#### Description of the task:
Look below for the line containing "Wholesale Women's Retro". Write out that line and the rest through the last one, exactly as they appear, but without pictures.

#### Exercise data:

——

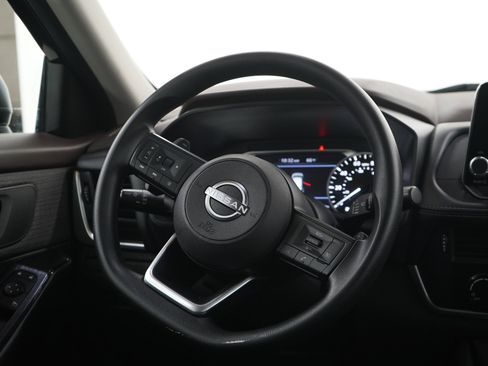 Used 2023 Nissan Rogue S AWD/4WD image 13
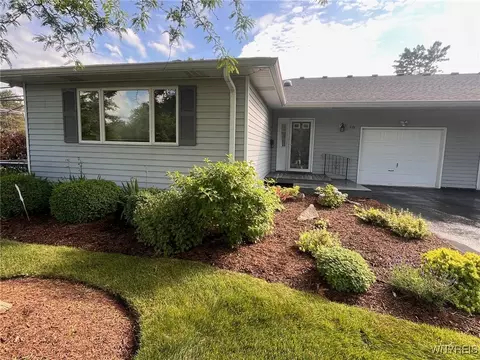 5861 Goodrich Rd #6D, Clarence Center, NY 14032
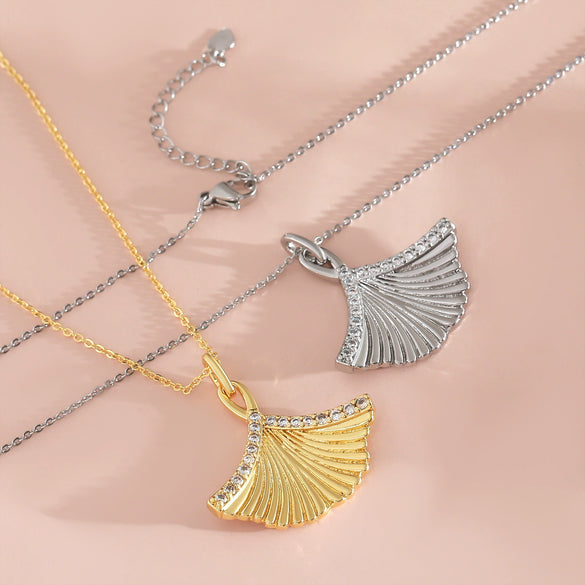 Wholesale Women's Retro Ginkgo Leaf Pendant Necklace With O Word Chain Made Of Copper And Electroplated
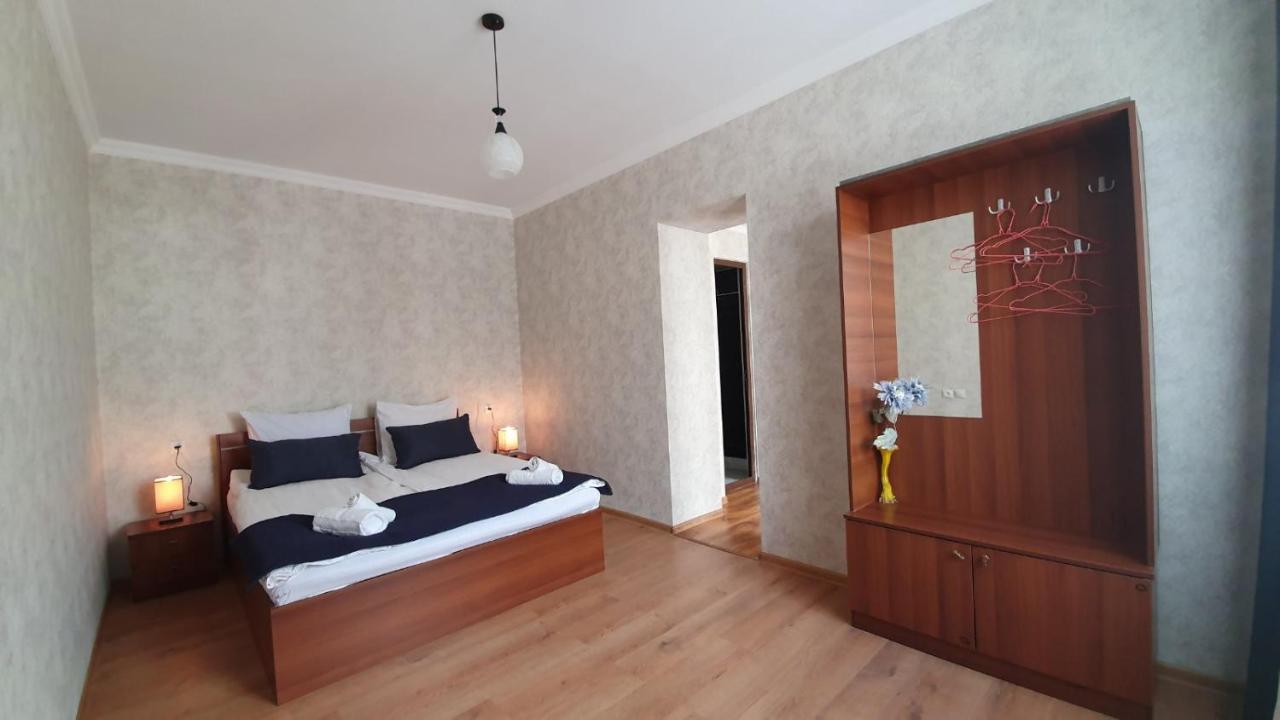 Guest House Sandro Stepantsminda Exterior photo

——

#### Result of this task:
 Wholesale Women's Retro Ginkgo Leaf Pendant Necklace With O Word Chain Made Of Copper And Electroplated
 Guest House Sandro Stepantsminda Exterior photo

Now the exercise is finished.